A Ball, a Dog, and a Monkey tells the remarkable story of America's first efforts to succeed in space, a time of exploding rockets, national space mania, Florida boomtowns, and interservice rivalries so fierce that President Dwight Eisenhower had to referee them.
When the Soviet Union launched the first orbital satellite, Sputnik I, Americans panicked. The Soviets had nuclear weapons, the Cold War was underway, and now the USSR had taken the lead in the space race. Members of Congress and the press called for an all-out effort to launch a satellite into orbit. With dire warnings about national security in the news almost every day, the armed services saw space as the new military frontier. But President Eisenhower insisted that the space effort, which relied on military technology, be supervised by civilians so that the space race would be peaceful. The Navy's Vanguard program flopped, and the Army, led by ex-Nazi rocket scientist Wernher von Braun and a martinet general named J. Bruce Medaris (whom Eisenhower disliked), took over. Meanwhile, the Soviets put a dog inside the next Sputnik, and Americans grew more worried as the first animal in space whirled around the Earth.

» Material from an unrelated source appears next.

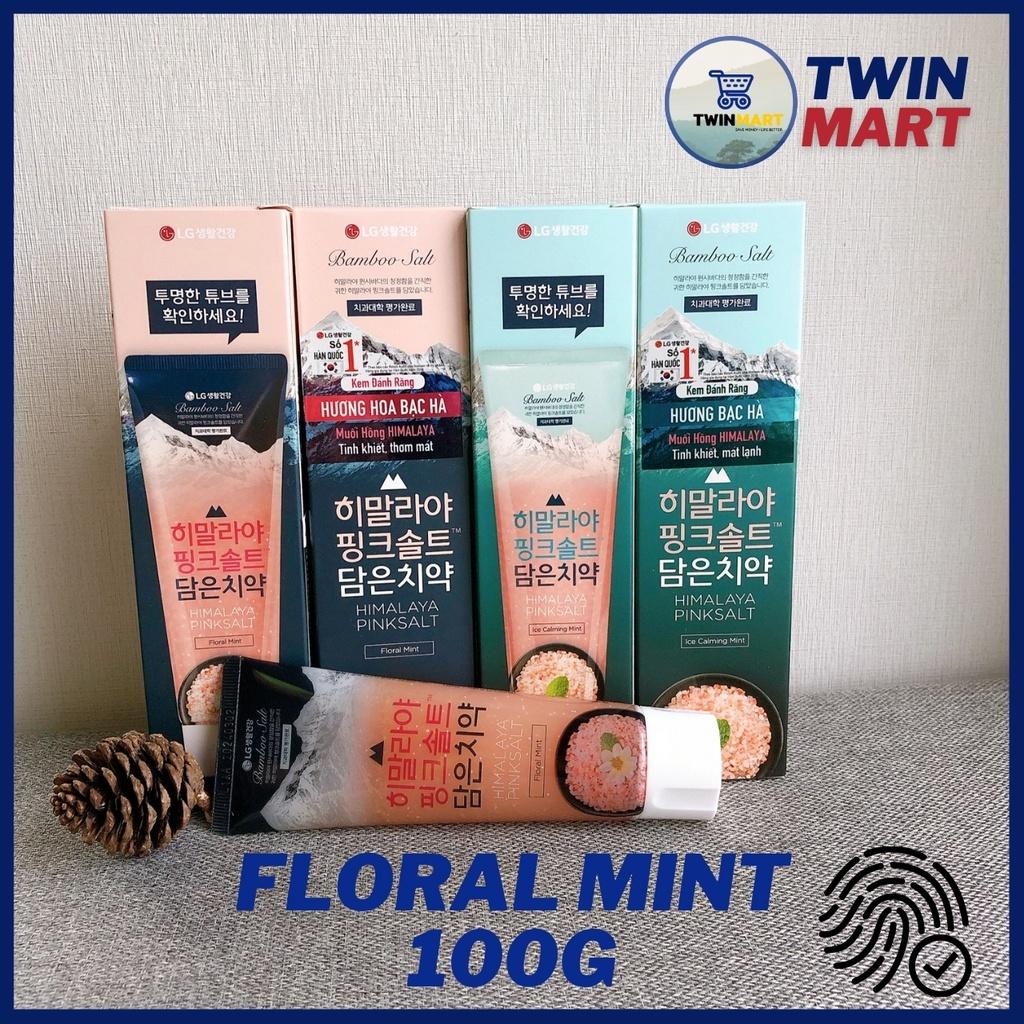 Kem Đánh Răng Muối Hồng Himalaya Pinksalt Floral Mint - Ice Calming Mint - Brightening 100g Hàn Quốc Trắng Răng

Throughout 1958 America went space crazy. UFO sightings spiked. Boys from Brooklyn to Burbank shot model rockets into the air. Space-themed beauty pageants became a national phenomenon. The news media flocked to the launchpads on the swampy Florida coast, and reporters reinvented themselves as space correspondents. And finally the Army's rocket program succeeded. Determined not to be outdone by the Russians, America's space scientists launched the first primate into space, a small monkey they nicknamed Old Reliable for his calm demeanor. And then at Christmastime, Eisenhower authorized the launch of a secret satellite with a surprise aboard.
A Ball, a Dog, and a Monkey memorably recalls the infancy of the space race, a time when new technologies brought ominous danger but also gave us the ability to realize our dreams and reach for the stars.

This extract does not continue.